Corini e il Lecce si separano, esonerato il tecnico. Sticchi Damiani: “Decisione frutto di una valutazione lucida”

Lo hanno annunciato il Presidente Sticchi Damiani e il Responsabile dell’Area Tecnica Pantaleo Corvino nel corso di una conferenza stampa.

Forse se Marco Mancosu avesse segnato quel calcio di rigore qualificando, probabilmente, i giallorossi alla finale contro il Cittadella, questa decisione non sarebbe arrivata, fatto sta che il pareggio contro il Venezia che ha condannato la compagine salentina a un altro anno di B gli è stato fatale.

Eugenio Corini non è più l’allenatore del Lecce, le strade tra il tecnico di Bagnolo Mella e il sodalizio di “Via Colonnello Costadura” si separano, nonostante ancora due anni di contratto. Lo hanno annunciato questa mattina in una conferenza stampa convocata last minute, il Presidente Saverio Sticchi Damiani e il Responsabile dell’Area Tecnica Pantaleo Corvino.

“Abbiamo preferito dare la comunicazione direttamente e non con uno scarno comunicato. Si è deciso di sollevare dall’incarico mister Corini. La decisione è frutto di una valutazione lucida, attenta e speriamo il più possibile corretta, perché nessuno ha certezze. Si è trattato di una previsione esclusivamente di natura tecnica che merita un’analisi più approfondita. Non posso che augurare al mister e allo staff le migliori fortune perché hanno lavorato in maniera seria e in condizioni difficili. Ripeto è una soluzione meditata e non frutto di uno slancio emotivo dovuto alla gara con il Venezia. Abbiamo posto le fondamenta per un progetto a medio termine e investito molto su una crescita delle fondamenta che c’è stata fino a un certo punto e che poi si è fermata. È stato quindi chiesto al Responsabile dell’Area Tecnica di fare un’analisi che ha portato a questa decisione”, ha affermato il Presidente Sticchi Damiani.

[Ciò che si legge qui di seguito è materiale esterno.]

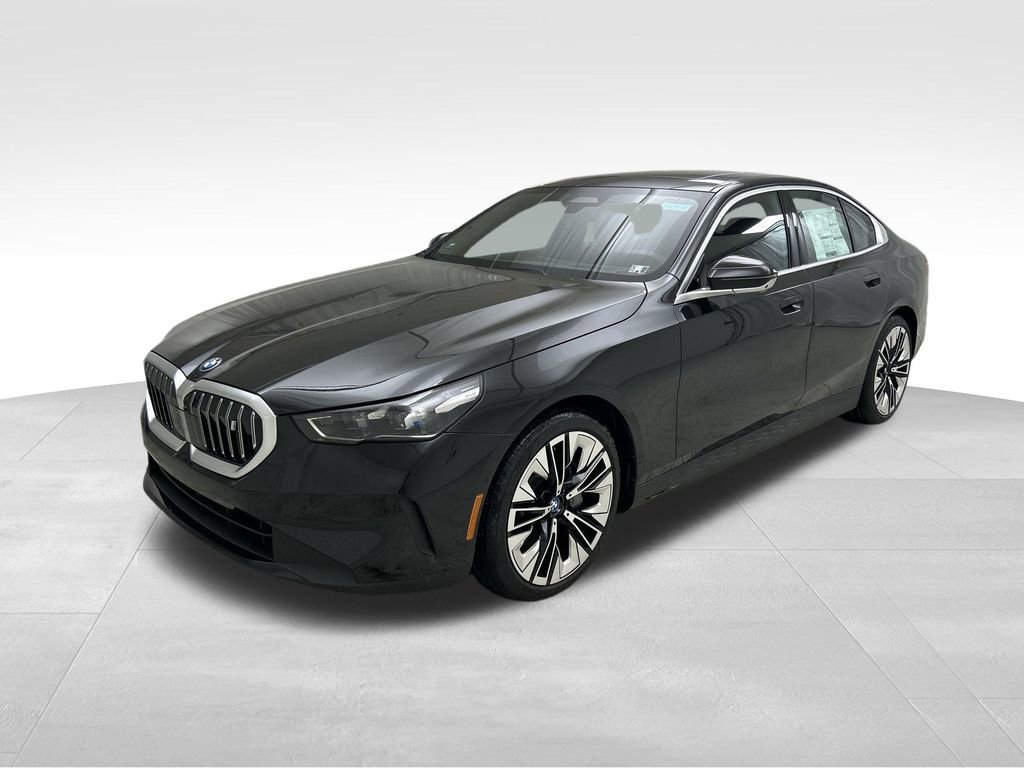 New 2025 BMW i5 xDrive40 w/ Premium Package image 5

“A volte le decisioni sono spietate, ma bisogna prenderle alla luce di tante situazioni. Nel girone di andata in casa abbiamo vinto solo tre gare e subito 14 gol, ci si aspettava che, alla luce degli aggiustamenti del mercato di gennaio, si sarebbe invertita la tendenza, ma è stato lo stesso. Poi a quattro giornate dalla fine si ha un vantaggio di +4 sulla terza e sei dalla quarta e in sei partite non ci sono state vittorie, si sono fatti solo 5 gol e subiti 10”, ha dichiarato, invece, Corvino.

“Con questi risultati bisognava prendere una decisione dolorosa che non poteva passare inosservata che abbiamo dovuto per i motivi che tutti capiranno fare il prima possibile”, ha concluso.

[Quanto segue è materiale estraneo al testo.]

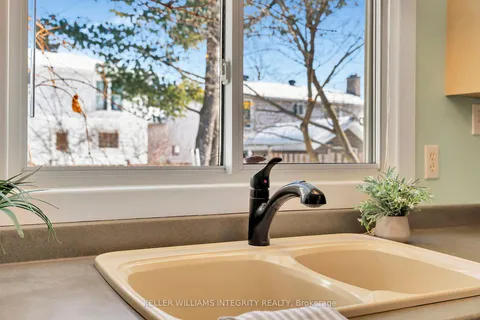 28 Wedgewood Cres, Blackburn Hamlet, ON K1B 4B4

Successivamente ha ripreso la parola il presidente: “Non vi nascondo che la delusione di questo mancato risultato è enorme e l’ho detto ai calciatori a cui abbiamo comunicato la scelta e reso noto il mio stato d’animo, da presidente, da tifoso, anche a nome dei soci. Non vi nascondo che aver perso l’opportunità di fare questo salto che era a portata di mano e raggiunto da organici non più importanti del nostro, mi ha amareggiato. Una delusione non solo dal punto di vista sportivo, ma anche da societario che comporterà un altro anno dispendioso, oneroso e pieno di sacrifici. Perché facciamo calcio senza sponsor, con poche risorse, senza l’incasso degli spettatori. C’è un solo bene supremo che è il Lecce, chi investe ogni anno compie enormi sacrifici e avevamo avuto l’opportunità di alleviarli. Si riparte in un contesto difficilissimo, oggi ci viene chiesto questo ulteriore sacrificio, ma se sarà funzionale a un processo di crescita lo si fa, senza dare nulla per scontato, però, perché in questo momento è difficile fare calcio. La società tutta è compatta nel ripartire, ma sempre con grande oculatezza e con la passione che conoscete”.